3.8 How Makefiles Are Parsed

GNU make parses makefiles line-by-line. Parsing proceeds using the following steps:

  1. Read in a full logical line, including backslash-escaped lines (see Splitting Long Lines).
  2. Remove comments (see What Makefiles Contain).
  3. If the line begins with the recipe prefix character and we are in a rule context, add the line to the current recipe and read the next line (see Recipe Syntax).
  4. Expand elements of the line which appear in an immediate expansion context (see How make Reads a Makefile).
  5. Scan the line for a separator character, such as ‘:’ or ‘=’, to determine whether the line is a macro assignment or a rule (see Recipe Syntax).
  6. Internalize the resulting operation and read the next line.

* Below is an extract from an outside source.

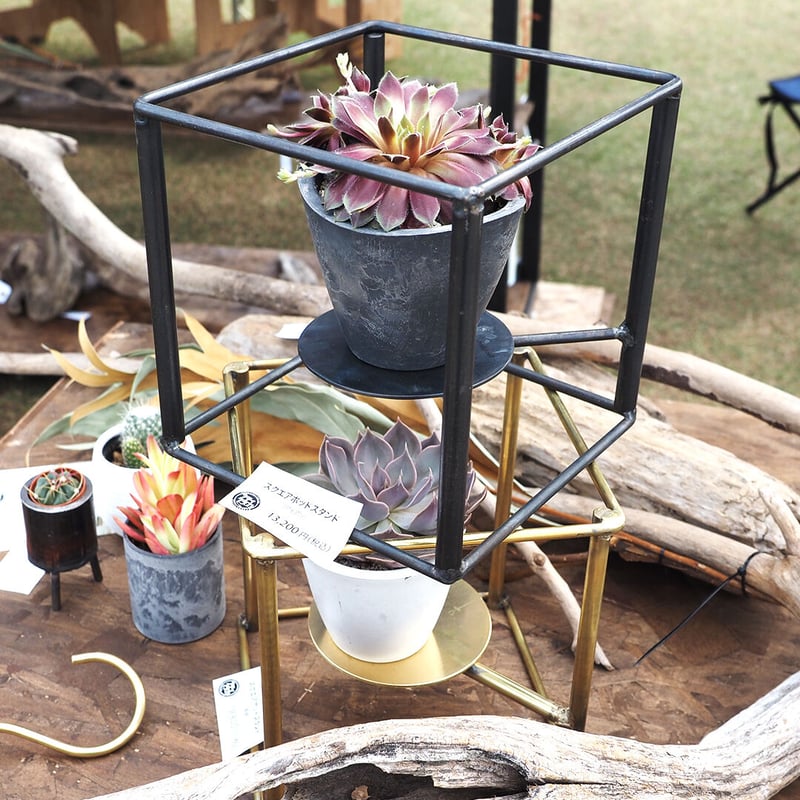 スクエアポッドスタンド（真鍮01） | OUTIL CRAFTS【ウティクラフト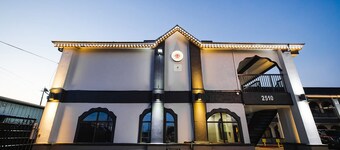 Downtowner Inns - Houston Downtown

An important consequence of this is that a macro can expand to an entire rule, if it is one line long. This will work:

myrule = target : ; echo built

$(myrule)

However, this will not work because make does not re-split lines after it has expanded them:

define myrule
target:
        echo built
endef

$(myrule)

The above makefile results in the definition of a target ‘target’ with prerequisites ‘echo’ and ‘built’, as if the makefile contained target: echo built, rather than a rule with a recipe. Newlines still present in a line after expansion is complete are ignored as normal whitespace.

In order to properly expand a multi-line macro you must use the eval function: this causes the make parser to be run on the results of the expanded macro (see Eval Function).